TWO bus firms have been stripped of their licences after a public inquiry found their services had become "unreliable to the point of near unpredictability".

STRONG STANCE: Joan Aitken said director Brian Cutmore could not be trusted with an operator's licence.
STRONG STANCE: Joan Aitken said director Brian Cutmore could not be trusted with an operator's licence.

A Trip In Time Ltd and Stonehouse Coaches Ltd, both based in Larkhall, South Lanarkshire, have been disqualified after inspectors found that their buses routinely turned up late or not at all, dropped off passengers where there were no bus stops, and followed routes not scheduled on the timetables.

Brian Cutmore, director of both firms, was also accused of charging Transport Scotland fares in excess of those offered to passengers in an attempt to inflate the companies' income from concessionary fares reimbursement. He denied the claim.

However, Joan Aitken, the Traffic Commissioner for Scotland, said that Mr Cutmore "cannot be trusted with an operator's licence", adding: "Disqualification will be indefinite. For him public service vehicle operating is over. He must accept that and I hope he can move to another way of earning his living."

The decision follows a public inquiry held in Edinburgh in February, brought amid concerns about the firms' practices.

Inspectors from the Driver and Vehicle Standards Agency (DVSA) monitored 88 journeys over two days by A Trip In Time Ltd. These covered service numbers 7, 12 and 32, which ran from Coatbridge. None were seen to be operating.

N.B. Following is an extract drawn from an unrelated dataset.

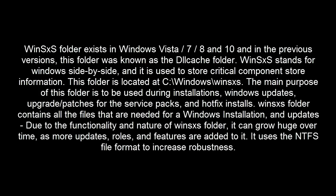Windows SXS folder contains all the files that are needed for a Windows installation and updates. Due to the functionality and nature of WinSXS folder, it can grow huge over time as more updates, roles and features are added to it.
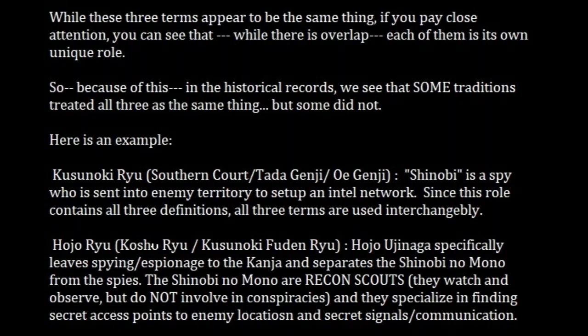The Hojo-ryu Shinobi specialize in finding secret access points to enemy locations, establishing covert trails in and out of enemy territory, and specializing in secret signals and communication. So the Kusunoki tradition and the Hojo tradition are both using the word Shinobi and Shinobi no Mono, but the actual role — what is actually being done — is significantly different. The concept of Shinobi is different between these two traditions.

Stonehouse Coaches Ltd were monitored over six days, with inspectors recording 61 instances of non compliance with the bus company's timetables. These included 13 instances where buses arrived late and three when they turned up early. In five cases services failed to operate at all, and two other buses were seen off-route.

Mr Cutmore said some services had been cancelled at short notice to protect passengers and the public. The inquiry was told the Cutmore family had been under stress since their Trip In Time depot had been burned down in May 2011 - allegedly by competitors. They had faced a financial struggle to get it back up and running but received threats and intimidation against operating their firm in Monklands, according to a lawyer for Stephanie Cutmore - Mr Cutmore's daughter and a fellow director.

However, Miss Aitken said she could not base her decision on "assertions about the behaviour of other operators", noting that Mr Cutmore had been called to public inquiries on four previous occasions over compliance issues and had once been fined £1000 in relation to the A Trip In Time Ltd licence.

Miss Aitken also disqualified Miss Cutmore from holding an operator's licence for two years.

Neither of the bus firms could be contacted for comment yesterday.